Goal
3D hand pose estimation from a single color image with a learning based formulation.
Background
- Use of multiple cameras limits the application domain
- Depth cameras are not as commonly available and only work reliably in indoor environments
Representation
- 21 joints in 3D space
- Normalize the distance between certain pair of key-points to unit length (to solve scale ambiguity)

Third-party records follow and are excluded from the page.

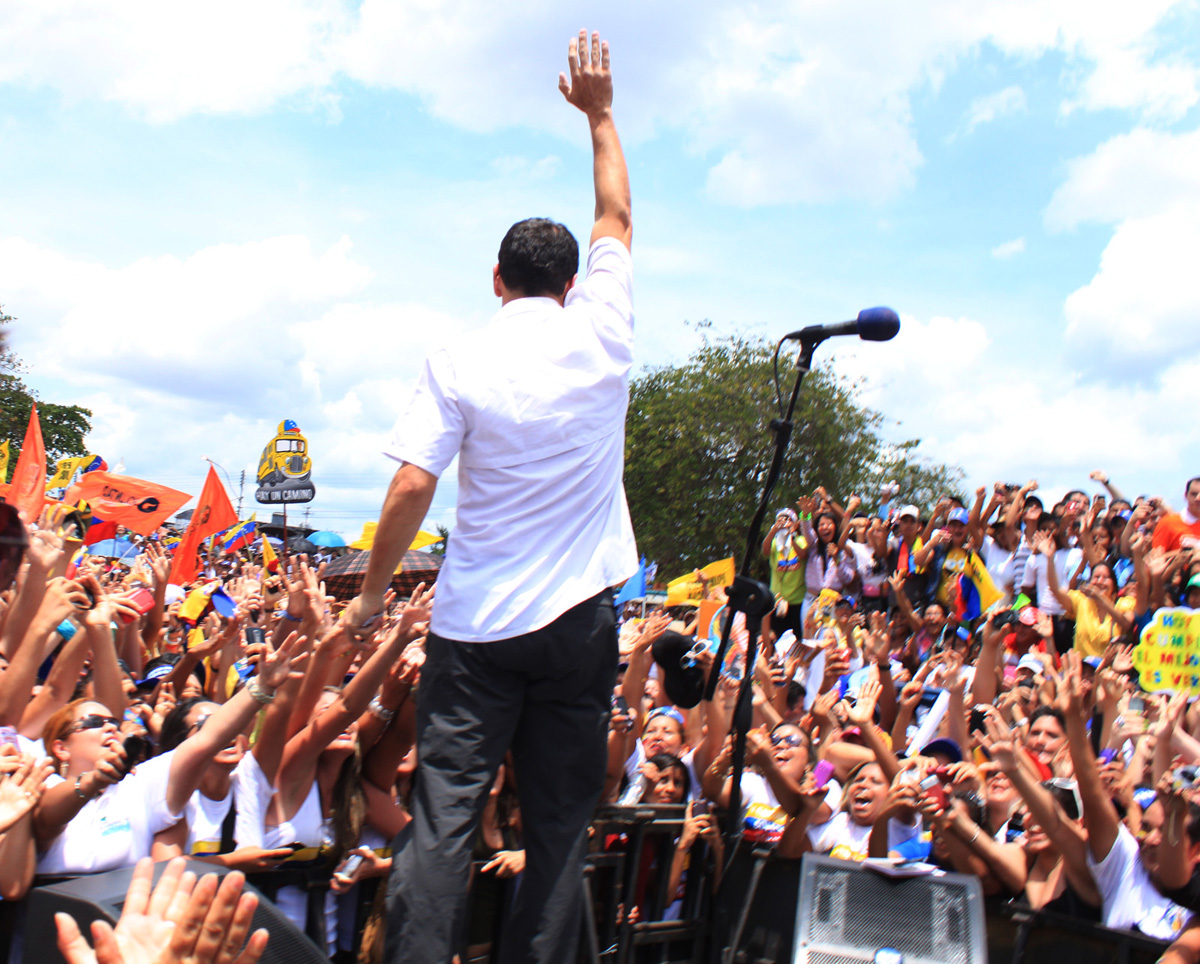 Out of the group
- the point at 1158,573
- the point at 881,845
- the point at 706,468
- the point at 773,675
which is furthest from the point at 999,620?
the point at 706,468

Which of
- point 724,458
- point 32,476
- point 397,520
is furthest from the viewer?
point 724,458

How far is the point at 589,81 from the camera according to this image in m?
3.01

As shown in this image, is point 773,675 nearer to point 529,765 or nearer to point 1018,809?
point 1018,809

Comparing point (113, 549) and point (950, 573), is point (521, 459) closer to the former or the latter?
point (950, 573)

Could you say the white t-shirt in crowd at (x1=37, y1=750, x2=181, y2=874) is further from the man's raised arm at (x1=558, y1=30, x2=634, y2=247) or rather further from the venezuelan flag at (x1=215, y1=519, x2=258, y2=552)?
the venezuelan flag at (x1=215, y1=519, x2=258, y2=552)

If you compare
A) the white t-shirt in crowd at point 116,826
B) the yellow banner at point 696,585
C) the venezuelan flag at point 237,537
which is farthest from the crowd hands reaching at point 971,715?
the venezuelan flag at point 237,537

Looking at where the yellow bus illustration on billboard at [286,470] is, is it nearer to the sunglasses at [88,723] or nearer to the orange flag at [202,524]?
the orange flag at [202,524]

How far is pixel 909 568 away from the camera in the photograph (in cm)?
920

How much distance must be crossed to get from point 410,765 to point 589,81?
7.65ft

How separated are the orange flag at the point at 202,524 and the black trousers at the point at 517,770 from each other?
8.84 meters

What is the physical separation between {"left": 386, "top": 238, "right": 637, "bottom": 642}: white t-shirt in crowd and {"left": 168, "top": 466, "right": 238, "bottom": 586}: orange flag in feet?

- Translation invariant representation by subtracting location of defined root key-point
Estimation
consist of three deep networks.
- First network (HandSegNet) : hand segmentation
- Second network (PoseNet) : hand keypoints localization
- Third network (PosePrior) : 3d hand pose derivation
HandSegNet
- CNN based on Convolutional Pose Machines
- create hand mask
- simplifies the learning task for the PoseNet
- crop and normalize the inputs in size
PoseNet
- CNN based on Convolutional Pose Machines
- predict joints score maps that contains likelihood that a certain keypoint is present at a spatial location
- produce image feature representation
- predict initial score map and successively refine in resolution
PosePrior Network
- predict relative and normalized 3D coordinates on incomplete/noisy score maps
- learn possible hand articulations and prior probabilities
- combine two predictions to estimate relative normalized coordinates
- estimate canonical coordinates from canonical frame Wc
- estimate viewpoint from rotation matrix R
Dataset
two available datasets to apply
- Stereo Hand Pose Tracking Benchmark
- 18000 stereo pairs
- 2D and 3D annotations of 21 keypoints
- 640 x 480 resolution
- Dexter
- 3129 color images, depth maps
- annotations for fingertips and cuboid corners
- 640 x 320 resolution
these are not sufficient because of,
- limited variation
- partially incomplete annotation
To avoid known problem of poor labeling performance by human annotators in 3D data,
complement stereo and dexter dataset with,
- Mixamo : 3D models of humans with corresponding animations
- Blender : open source software to render images
total 41258 training images and 2728 evaluation images with,
- 21 key-points per hand : four of each finger (4x5), root(1)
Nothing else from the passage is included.